We'll also install `plotly-express` for visualizing data.

In [None]:
!pip install plotly-express

<a name='s1-2'></a>
## Download the data ##
The data we'll be working with is the [Parking Violations Issued - Fiscal Year 2022](https://data.cityofnewyork.us/City-Government/Parking-Violations-Issued-Fiscal-Year-2022/7mxj-7a6y) dataset from NYC Open Data. We're downloading a copy of this dataset from an s3 bucket hosted by NVIDIA to provide faster download speeds. We'll start by downloading the data. This should take about 30 seconds.

<a name='s1-2.1'></a>
### Data License and Terms ###
As this dataset originates from the NYC Open Data Portal, it's governed by their license and terms of use.

**Are there restrictions on how I can use Open Data?**
> Open Data belongs to all New Yorkers. There are no restrictions on the use of Open Data. Refer to Terms of Use for more information.

**[Terms of Use](https://opendata.cityofnewyork.us/overview/#termsofuse)**
> By accessing datasets and feeds available through NYC Open Data, the user agrees to all of the Terms of Use of NYC.gov as well as the Privacy Policy for NYC.gov. The user also agrees to any additional terms of use defined by the agencies, bureaus, and offices providing data. Public data sets made available on NYC Open Data are provided for informational purposes. The City does not warranty the completeness, accuracy, content, or fitness for any particular purpose or use of any public data set made available on NYC Open Data, nor are any such warranties to be implied or inferred with respect to the public data sets furnished therein.

> The City is not liable for any deficiencies in the completeness, accuracy, content, or fitness for any particular purpose or use of any public data set, or application utilizing such data set, provided by any third party.
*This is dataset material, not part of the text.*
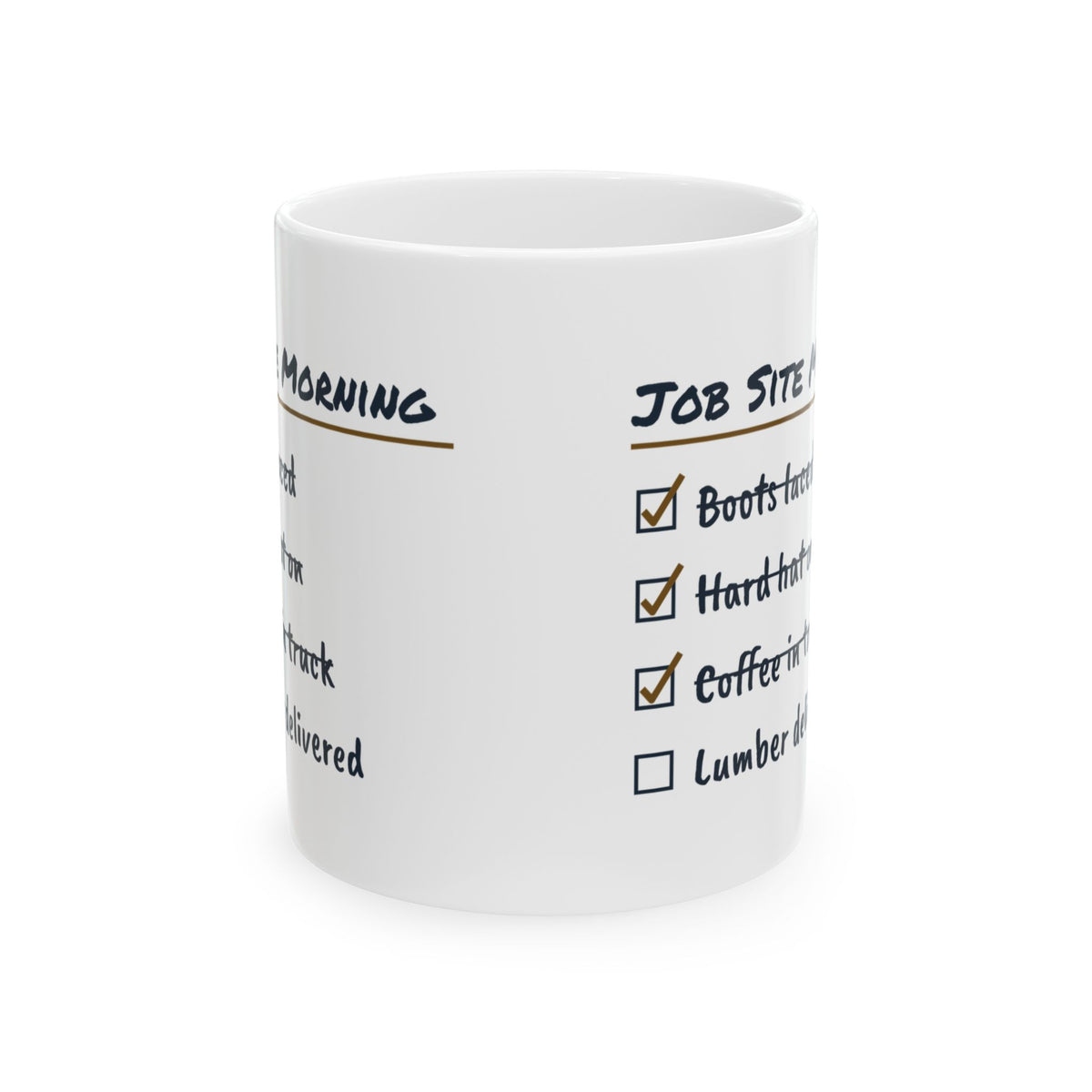 Funny Construction Worker Coffee Mug Job Site Morning Checklist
> Submitting City Agencies are the authoritative source of data available on NYC Open Data. These entities are responsible for data quality and retain version control of data sets and feeds accessed on the Site. Data may be updated, corrected, or refreshed at any time.

In [None]:
!wget https://data.rapids.ai/datasets/nyc_parking/nyc_parking_violations_2022.parquet

<a name='s1-3'></a>
## Analysis using Standard pandas ##
First, let's use pandas to read in some columns of the dataset:

In [None]:
import pandas as pd

In [None]:
# read 5 columns data:
df = pd.read_parquet(
    "nyc_parking_violations_2022.parquet",
    columns=["Registration State", "Violation Description", "Vehicle Body Type", "Issue Date", "Summons Number"]
)

# view a random sample of 10 rows:
df.sample(10)

Next, we'll try to answer a few questions using the data.

<a name='s1-3.1'></a>
### Which parking violation is most commonly committed by vehicles from various U.S states? ###
Each record in our dataset contains the state of registration of the offending vehicle, and the type of parking offence. Let's say we want to get the most common type of offence for vehicles registered in different states. We can do this in pandas using a combination of [value_counts](https://pandas.pydata.org/docs/reference/api/pandas.Series.value_counts.html) and [GroupBy.head](https://pandas.pydata.org/docs/reference/api/pandas.core.groupby.DataFrameGroupBy.head.html):

In [None]:
(df[["Registration State", "Violation Description"]]  # get only these two columns
 .value_counts()  # get the count of offences per state and per type of offence
 .groupby("Registration State")  # group by state
 .head(1)  # get the first row in each group (the type of offence with the largest count)
 .sort_index()  # sort by state name
 .reset_index()
)

The code above uses [method chaining](https://tomaugspurger.net/posts/method-chaining/) to combine a series of operations into a single statement. You might find it useful to break the code up into multiple statements and inspect each of the intermediate results!

<a name='s1-3.2'></a>
### Which vehicle body types are most frequently involved in parking violations? ###
We can also investigate which vehicle body types most commonly appear in parking violations. 

In [None]:
(df
 .groupby(["Vehicle Body Type"])
 .agg({"Summons Number": "count"})
 .rename(columns={"Summons Number": "Count"})
 .sort_values(["Count"], ascending=False)
)

<a name='s1-3.3'></a>
### How do parking violations vary across days of the week? ###

In [None]:
weekday_names = {
    0: "Monday",
    1: "Tuesday",
    2: "Wednesday",
    3: "Thursday",
    4: "Friday",
    5: "Saturday",
    6: "Sunday",
}

df["Issue Date"] = df["Issue Date"].astype("datetime64[ms]")
df["issue_weekday"] = df["Issue Date"].dt.weekday.map(weekday_names)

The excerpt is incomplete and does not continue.